== Segment start ==

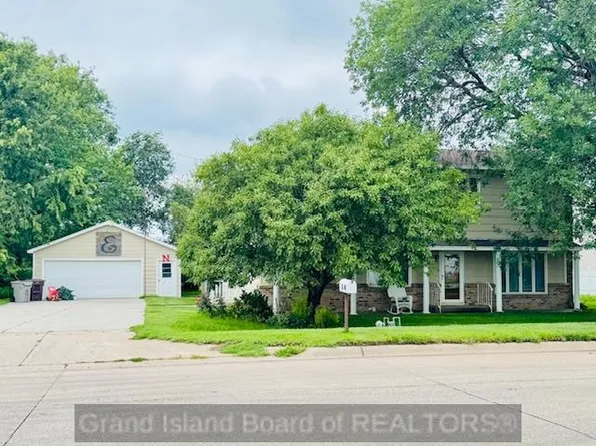 520 17th Ave, Central City, NE 68826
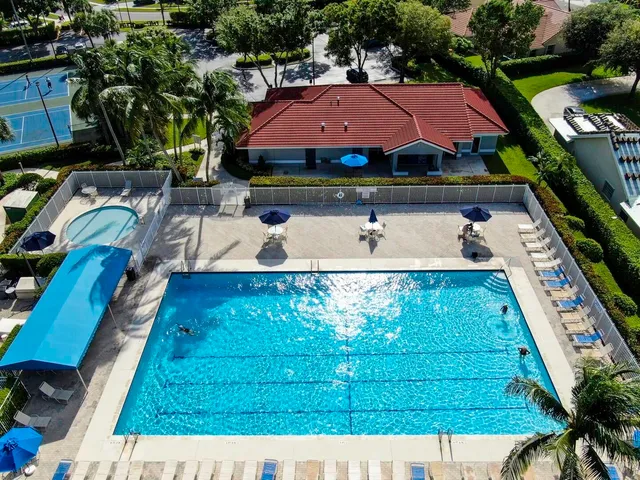 $929,900 | 6374 Old Medinah Circle, Lake Worth, FL 33463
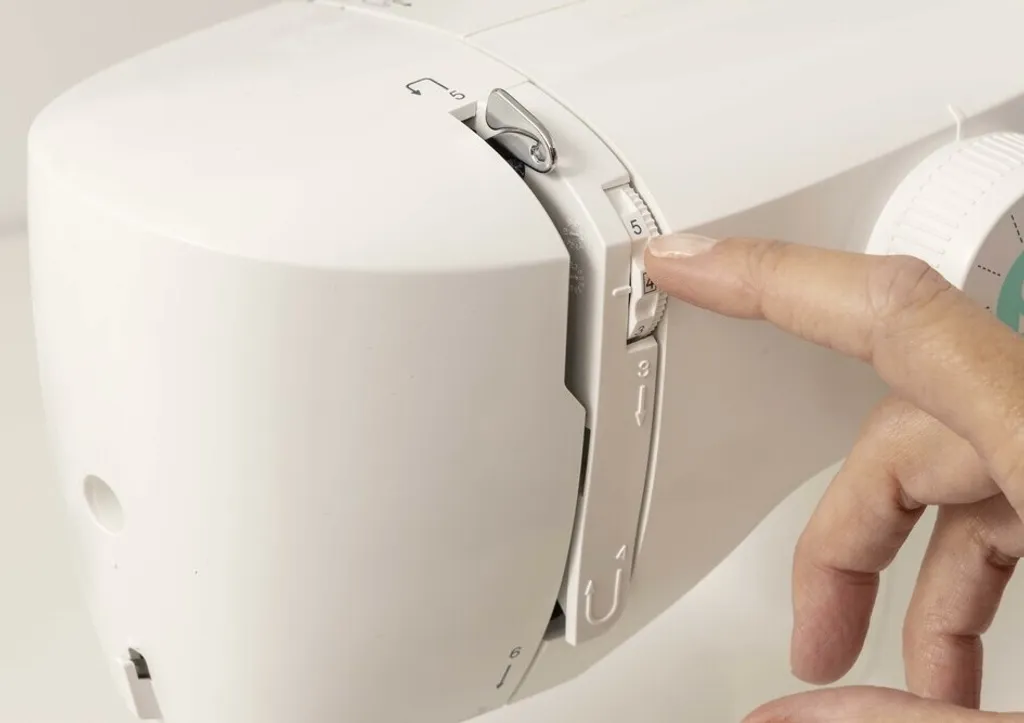 Singer M1505 Nähmaschine Klick-Einrastfunktion, Knopfloch, Knopfannäh-Programm 12 Singer M1505 Nähmaschine Klick-Einrastfunktion, Knopfloch, Knopfannäh-Programm – Bild 10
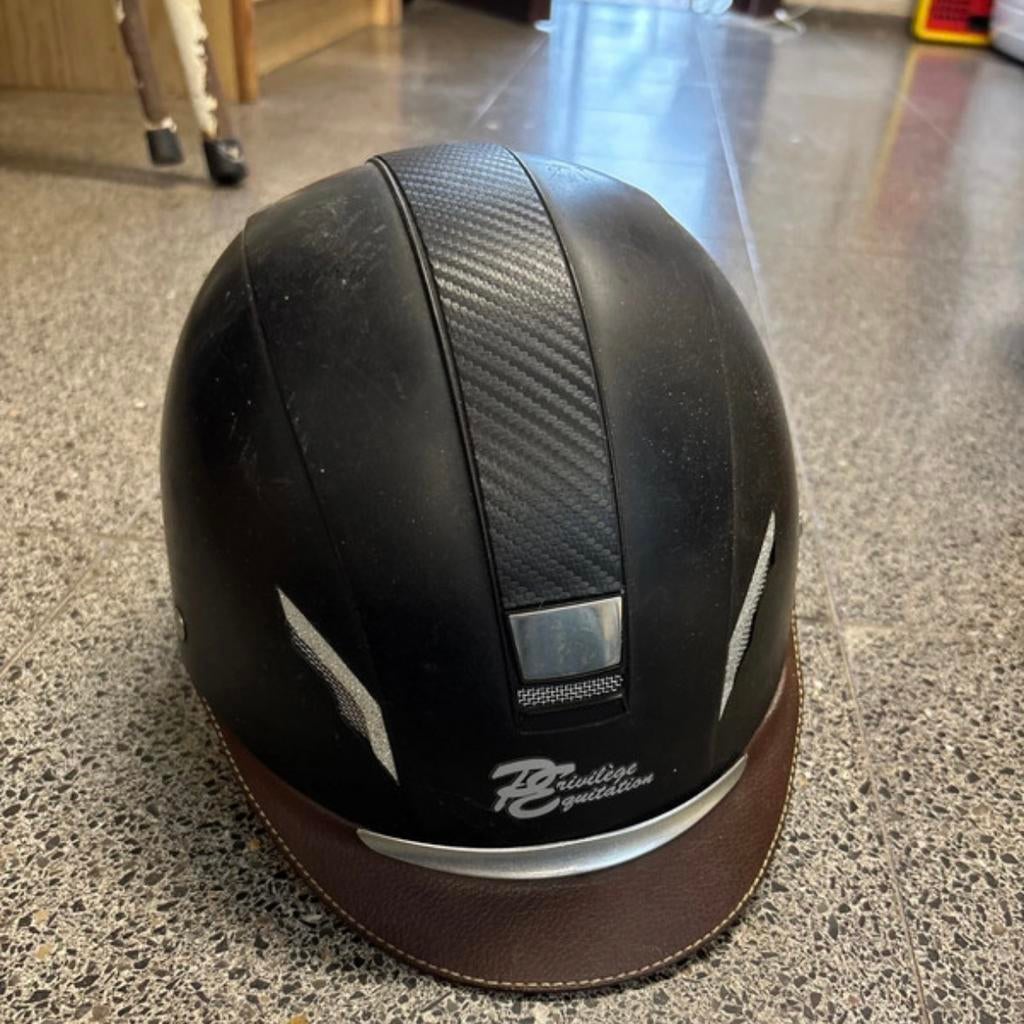 Privilège Equitation Rijhelm (Cap), Ophalen of Verzenden, Zo goed als nieuw, Cap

== Segment end ==

TASK DESCRIPTION
Print the material above once more, exactly, minus the pictures.

SOLUTION FOR THIS EXERCISE
 520 17th Ave, Central City, NE 68826
 $929,900 | 6374 Old Medinah Circle, Lake Worth, FL 33463
 Singer M1505 Nähmaschine Klick-Einrastfunktion, Knopfloch, Knopfannäh-Programm 12 Singer M1505 Nähmaschine Klick-Einrastfunktion, Knopfloch, Knopfannäh-Programm – Bild 10
 Privilège Equitation Rijhelm (Cap), Ophalen of Verzenden, Zo goed als nieuw, Cap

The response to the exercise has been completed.